The HEVC system takes hologram data directly into it, which contain a lot of high-frequency information that is not typically present in camera-captured lifetime data. This high-frequency information loss can cause noticeable background noise in the reconstructed images. These artifacts can also contribute to the background noise in the reconstructed images.
The Pororo NR images have a compressed source size of 250 kbits approximately. The NR images shown in
Figure 8 were generated from the source at the rate point Ext_R6 on the 3D-HEVC coding system, Ext_Ra on HEVC, and R5 on the V-PCC. The results also showed that HEVC had the highest background noise intensity. However, depth loss can be observed on the helmet of Pororo with the 3D-HEVC system, and eye shape distortion can also be observed with V-PCC. A slight color change in the yellow component was also observed in these two results.
The NR images of the Cube data are shown in
Figure 9. We selected images with a compressed size of approximately 400 kbits. The rates for each system were Ext_R8 for 3D-HEVC, R4 for HEVC, and R5 for V-PCC. An obvious depth loss can seen observed for the 3D-HEVC system, and V-PCC has the best visual quality.
5.1.2. PSNR Evaluation
The PSNR results for each system are shown in
Figure 10. The results show that both 3D-HEVC and V-PCC, apart from HEVC, have limitations with respect to the PSNR value. The color space conversion between RGB and YUV420 is the main reason for this distortion.
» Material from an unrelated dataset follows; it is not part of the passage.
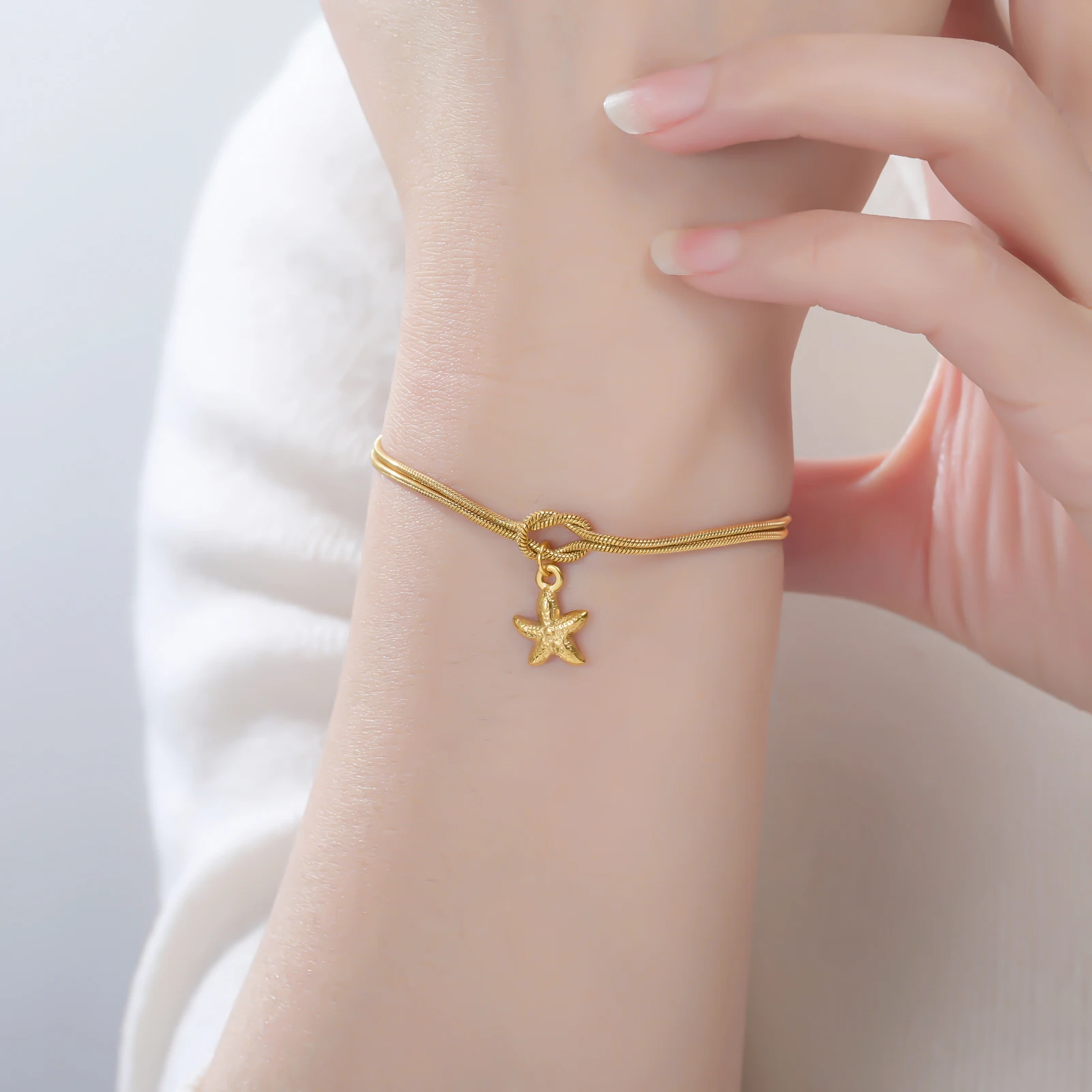 Sea Starfish Shell Conch Charm Love Knot Chain Bracelet Stainless Steel Trendy Bracelets for Women Summer Beach Jewelry Gift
Although HEVC showed a higher PSNR for four of the six rate points, the visual quality was comparatively low because of background noise.
Even though we extended the rate to obtain a higher quality point for comparison with other codecs, the highest encoding-configuration-generated 3D-HEVC bitstream size could not catch up with the HEVC encoded size. Additionally, the results showed that extended V-PCC rate points can provide a higher reconstruction quality than the rate points in the CTC.
In contrast to the objective evaluation results, in the subjective NR rendering of Pororo in
Figure 11, the V-PCC result is the most ideal, the 3D-HEVC result has a loss in depth value, and the HEVC result has comprehensive noise.
5.1.3. SSIM Evaluation
The SSIM results for each system are shown in
Figure 12. The 3D-HEVC coding system had the lowest SSIM values compared to the other two systems. The V-PCC coding system yielded better SSIM results than the 3D-HEVC system when using a high-quality rate point such as Ext_R8. The color space conversion between RGB and YUV420 was the main reason for this distortion. Even HEVC yielded a better SSIM evaluation outcome in the medium-high range of extended rate points, although the objective quality was affected by the overall noise. For Pororo and Cube sequences, the V-PCC-generated bitstream size at the high end of the chart approaches the HEVC one, but the SSIM value is only 0.6 times that of HEVC.
In
Figure 13, showing a subjective NR rendering of ‘Cube’, the V-PCC output is the most preferable. On the other hand, the 3D-HEVC display exhibits a diminished depth perception, and the HEVC output shows pervasive noise.
5.1.4. Compression Ratio
The bar charts shown in
Figure 14 are the quartile numbers of the compression ratio statistics. The circle outside of the bar chart is an outlier. The 3D-HEVC coding system yielded the largest compression ratio, ranging from 400 to 1000 times the maximum. However, the V-PCC coding system can provide a compression ratio in the range of 100 to 200.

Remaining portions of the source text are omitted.